* Members without ties to VW recommend shareholders reject bid
* Say does not reflect full value of Scania
* VW offered 200 SEK per share; Scania ended Monday at 195.9
* Recommendation a setback for VW’s global truck ambitions
* Scania shares fall 4.3 pct, VW down 0.1 pct (Repeats to add link to Breakingviews)
By Niklas Pollard
STOCKHOLM, March 18 (Reuters) - Scania’s minority shareholders should reject Volkswagen’s 6.7 billion euro ($9.3 billion) bid, the Swedish truckmaker’s independent directors said, underlining a deep rift within the company.
The recommendation by the members of Scania’s board with no direct links to VW is a setback for the German automaker, which is trying to forge a closer-knit trucks group capable of taking on market leaders Daimler and Volvo .
The committee’s rejection is likely to fuel opposition to the bid, which has met with a mixed and mostly non-committal response from minority owners, primarily Swedish pension funds and other financial institutions.
Volkswagen, which with subsidiary MAN has 62.6 percent of the capital and 89.2 percent of votes in Scania, last month offered to buy out minority shareholders for 200 crowns ($31.5) per share, in an attempt to draw a line under years of tense relations with them.
The independent committee said on Tuesday that VW’s offer was too low and did not reflect Scania’s long-term prospects, its growth outlook, technological excellence and the potential for savings within a merged group.
“Scania is a world leader in its industry and the Committee has strong faith in the business plan set out by the company,” said Asa Thunman, the committee’s chairwoman.

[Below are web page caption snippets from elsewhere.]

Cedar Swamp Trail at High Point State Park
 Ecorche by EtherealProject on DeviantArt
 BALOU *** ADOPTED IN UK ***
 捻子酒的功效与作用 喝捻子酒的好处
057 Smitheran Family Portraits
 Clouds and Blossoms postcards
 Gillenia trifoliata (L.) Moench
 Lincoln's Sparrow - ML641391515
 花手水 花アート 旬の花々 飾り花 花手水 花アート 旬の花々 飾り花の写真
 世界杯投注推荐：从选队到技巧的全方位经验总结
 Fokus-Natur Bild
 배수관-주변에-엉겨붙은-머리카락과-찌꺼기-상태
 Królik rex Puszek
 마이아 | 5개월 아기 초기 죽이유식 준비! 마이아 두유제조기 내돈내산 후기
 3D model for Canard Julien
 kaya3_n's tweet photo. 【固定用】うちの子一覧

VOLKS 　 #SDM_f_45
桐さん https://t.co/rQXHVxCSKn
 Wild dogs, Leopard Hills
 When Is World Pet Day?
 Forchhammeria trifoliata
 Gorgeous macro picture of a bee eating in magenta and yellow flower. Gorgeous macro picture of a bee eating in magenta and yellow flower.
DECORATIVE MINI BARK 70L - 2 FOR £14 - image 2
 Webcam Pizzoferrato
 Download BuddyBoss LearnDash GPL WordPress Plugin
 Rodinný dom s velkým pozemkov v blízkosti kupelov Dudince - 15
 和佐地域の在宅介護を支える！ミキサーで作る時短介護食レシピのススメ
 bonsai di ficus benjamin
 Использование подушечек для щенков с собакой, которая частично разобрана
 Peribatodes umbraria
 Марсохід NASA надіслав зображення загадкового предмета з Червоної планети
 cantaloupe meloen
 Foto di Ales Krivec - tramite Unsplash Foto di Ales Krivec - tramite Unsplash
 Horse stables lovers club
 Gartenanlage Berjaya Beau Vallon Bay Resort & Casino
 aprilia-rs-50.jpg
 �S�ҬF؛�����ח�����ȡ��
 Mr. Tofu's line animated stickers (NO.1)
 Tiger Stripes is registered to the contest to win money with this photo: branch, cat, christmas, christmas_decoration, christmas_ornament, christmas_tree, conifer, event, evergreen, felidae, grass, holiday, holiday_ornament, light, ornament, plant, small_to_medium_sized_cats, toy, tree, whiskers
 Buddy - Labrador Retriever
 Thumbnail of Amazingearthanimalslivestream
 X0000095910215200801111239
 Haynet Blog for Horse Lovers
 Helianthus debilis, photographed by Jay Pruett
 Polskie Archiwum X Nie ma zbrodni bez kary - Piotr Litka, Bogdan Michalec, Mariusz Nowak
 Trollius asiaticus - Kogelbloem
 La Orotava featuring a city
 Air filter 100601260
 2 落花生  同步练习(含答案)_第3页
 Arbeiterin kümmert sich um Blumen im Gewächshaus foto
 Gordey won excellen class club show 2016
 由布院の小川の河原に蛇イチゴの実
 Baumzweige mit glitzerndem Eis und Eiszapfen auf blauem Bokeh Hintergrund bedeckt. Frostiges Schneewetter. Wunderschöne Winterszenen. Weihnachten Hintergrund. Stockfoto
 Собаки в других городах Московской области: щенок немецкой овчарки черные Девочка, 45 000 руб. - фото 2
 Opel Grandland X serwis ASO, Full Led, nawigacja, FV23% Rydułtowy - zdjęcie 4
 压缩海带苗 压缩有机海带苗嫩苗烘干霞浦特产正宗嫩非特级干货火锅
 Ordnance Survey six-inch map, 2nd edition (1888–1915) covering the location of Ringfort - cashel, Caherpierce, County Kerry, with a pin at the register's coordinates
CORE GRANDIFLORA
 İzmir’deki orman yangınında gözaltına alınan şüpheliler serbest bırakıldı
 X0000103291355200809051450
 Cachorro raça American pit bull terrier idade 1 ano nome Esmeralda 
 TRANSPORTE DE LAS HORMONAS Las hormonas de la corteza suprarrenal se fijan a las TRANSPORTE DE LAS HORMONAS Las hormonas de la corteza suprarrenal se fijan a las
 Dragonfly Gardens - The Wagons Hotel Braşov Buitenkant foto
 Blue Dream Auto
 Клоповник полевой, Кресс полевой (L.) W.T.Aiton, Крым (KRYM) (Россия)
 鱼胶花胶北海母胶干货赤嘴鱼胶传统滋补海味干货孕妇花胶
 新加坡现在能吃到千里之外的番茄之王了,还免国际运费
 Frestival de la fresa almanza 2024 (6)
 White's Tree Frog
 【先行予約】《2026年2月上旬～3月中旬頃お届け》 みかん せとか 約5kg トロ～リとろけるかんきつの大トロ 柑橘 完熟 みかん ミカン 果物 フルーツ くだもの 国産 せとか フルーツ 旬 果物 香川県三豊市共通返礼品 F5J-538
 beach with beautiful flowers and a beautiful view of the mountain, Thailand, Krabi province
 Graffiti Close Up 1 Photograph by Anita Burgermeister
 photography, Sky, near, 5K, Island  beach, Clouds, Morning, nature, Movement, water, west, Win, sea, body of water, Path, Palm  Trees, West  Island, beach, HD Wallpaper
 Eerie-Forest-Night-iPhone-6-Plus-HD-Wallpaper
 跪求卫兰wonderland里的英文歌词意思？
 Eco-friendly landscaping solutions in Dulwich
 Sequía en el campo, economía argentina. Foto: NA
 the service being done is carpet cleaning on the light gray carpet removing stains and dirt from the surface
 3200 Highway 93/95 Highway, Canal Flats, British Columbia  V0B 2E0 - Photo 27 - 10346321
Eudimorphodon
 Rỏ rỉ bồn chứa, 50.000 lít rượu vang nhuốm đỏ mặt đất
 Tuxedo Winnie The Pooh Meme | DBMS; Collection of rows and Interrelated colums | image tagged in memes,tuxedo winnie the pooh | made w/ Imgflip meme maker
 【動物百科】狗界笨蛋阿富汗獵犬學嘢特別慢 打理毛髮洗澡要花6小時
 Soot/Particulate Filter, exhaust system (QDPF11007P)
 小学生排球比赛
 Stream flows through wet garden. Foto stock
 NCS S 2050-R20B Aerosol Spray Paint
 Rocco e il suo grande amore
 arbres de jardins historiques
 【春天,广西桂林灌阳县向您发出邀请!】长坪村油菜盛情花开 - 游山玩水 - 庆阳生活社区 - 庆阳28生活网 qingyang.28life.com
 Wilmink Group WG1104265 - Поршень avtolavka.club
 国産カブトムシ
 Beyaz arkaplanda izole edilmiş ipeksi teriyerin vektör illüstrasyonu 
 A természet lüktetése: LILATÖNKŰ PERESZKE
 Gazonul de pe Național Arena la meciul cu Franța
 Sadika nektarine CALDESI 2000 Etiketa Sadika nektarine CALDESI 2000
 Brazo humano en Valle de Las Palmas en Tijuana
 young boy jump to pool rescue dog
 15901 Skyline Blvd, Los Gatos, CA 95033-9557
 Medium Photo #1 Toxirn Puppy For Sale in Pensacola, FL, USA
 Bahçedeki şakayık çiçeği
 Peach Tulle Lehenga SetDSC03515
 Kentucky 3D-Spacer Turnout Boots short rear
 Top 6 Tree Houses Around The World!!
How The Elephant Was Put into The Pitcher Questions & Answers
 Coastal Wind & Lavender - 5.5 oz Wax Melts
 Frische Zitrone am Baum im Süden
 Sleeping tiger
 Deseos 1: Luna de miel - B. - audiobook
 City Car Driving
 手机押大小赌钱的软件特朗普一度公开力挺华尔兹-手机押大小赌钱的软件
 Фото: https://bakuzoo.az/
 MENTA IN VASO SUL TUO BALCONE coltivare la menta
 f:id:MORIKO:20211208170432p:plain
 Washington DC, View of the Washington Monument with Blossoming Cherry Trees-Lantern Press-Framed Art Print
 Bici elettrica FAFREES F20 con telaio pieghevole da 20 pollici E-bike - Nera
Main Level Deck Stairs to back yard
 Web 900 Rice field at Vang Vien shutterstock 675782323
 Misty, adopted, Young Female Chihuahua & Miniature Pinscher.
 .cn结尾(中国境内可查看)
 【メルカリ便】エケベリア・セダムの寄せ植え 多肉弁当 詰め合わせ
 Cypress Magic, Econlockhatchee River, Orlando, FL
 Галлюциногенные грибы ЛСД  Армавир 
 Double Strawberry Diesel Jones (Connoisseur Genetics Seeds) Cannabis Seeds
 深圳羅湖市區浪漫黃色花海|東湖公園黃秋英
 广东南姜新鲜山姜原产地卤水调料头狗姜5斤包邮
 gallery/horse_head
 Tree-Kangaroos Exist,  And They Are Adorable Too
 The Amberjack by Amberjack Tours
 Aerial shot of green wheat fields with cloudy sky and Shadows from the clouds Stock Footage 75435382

When VW made its offer last month, the carmaker said a full tie-up with Scania should generate savings of at least 650 million euros per year from joint development and other steps and that it may take at least 10 years to achieve the full potential.
The committee said that timescale was “conservative.”
Scania’s flexible production system and strong profitability has for years been the envy of the European truck industry.
The company expects the benefits from heavy investments in its truck models and growing sales of high-margin service contracts to bolster profitability further in the coming years while aiming for a target of doubling output by 2020.
The committee, which includes a member of Sweden’s Wallenberg business family and union representatives, acknowledged that spurning the bid could hurt for the stock in the short term.
Scania shares were 4.3 percent lower at 187.5 crowns by 1035 GMT while VW was down 0.1 percent.
“In short, we believe this slightly increases both the risk for a bid failure and the likelihood for a slight increase of the bid offer,” analysts at Swedish bank SEB said in a note to investors.
The board members also highlighted the risk of job losses at Scania, based in Sodertalje south of Stockholm, pointing to job protection deals struck between MAN and German labour unions. Swedish unions have struck no such deals with Scania.
VW was not immediately available for comment.
“You can always chose assumptions that will back your point of view. But from a VW shareholder point of view I have to say that Volkswagen’s Scania bid is more then generous,” said Juergen Meyer fund manager at SEB Asset Management.
VW’s bid values Scania at around 13 times forecast earnings, while Volkswagen trades at 3.6 times according to Thomson Reuters data.
Still, rejecting the offer carries risks as Volkswagen’s solid majority of votes enables it to ignore the demands of minority shareholders in pursuit of its stalled eight-year effort to create Europe’s largest trucks group.
The committee and company management also painted a modestly rosy picture of the truckmaker’s performance in the near term, saying Scania truck orders for the first two months of 2014 were in line with the same period last year and up compared to the fourth quarter of 2013. ($1 = 0.7180 Euros) ($1 = 6.3511 Swedish Crowns) (Additional reporting by Johannes Hellstrom and Helena Soderpalm in Stockholm; Edward Taylor in Frankfurt; Editing by John Stonestreet and Alistair Scrutton)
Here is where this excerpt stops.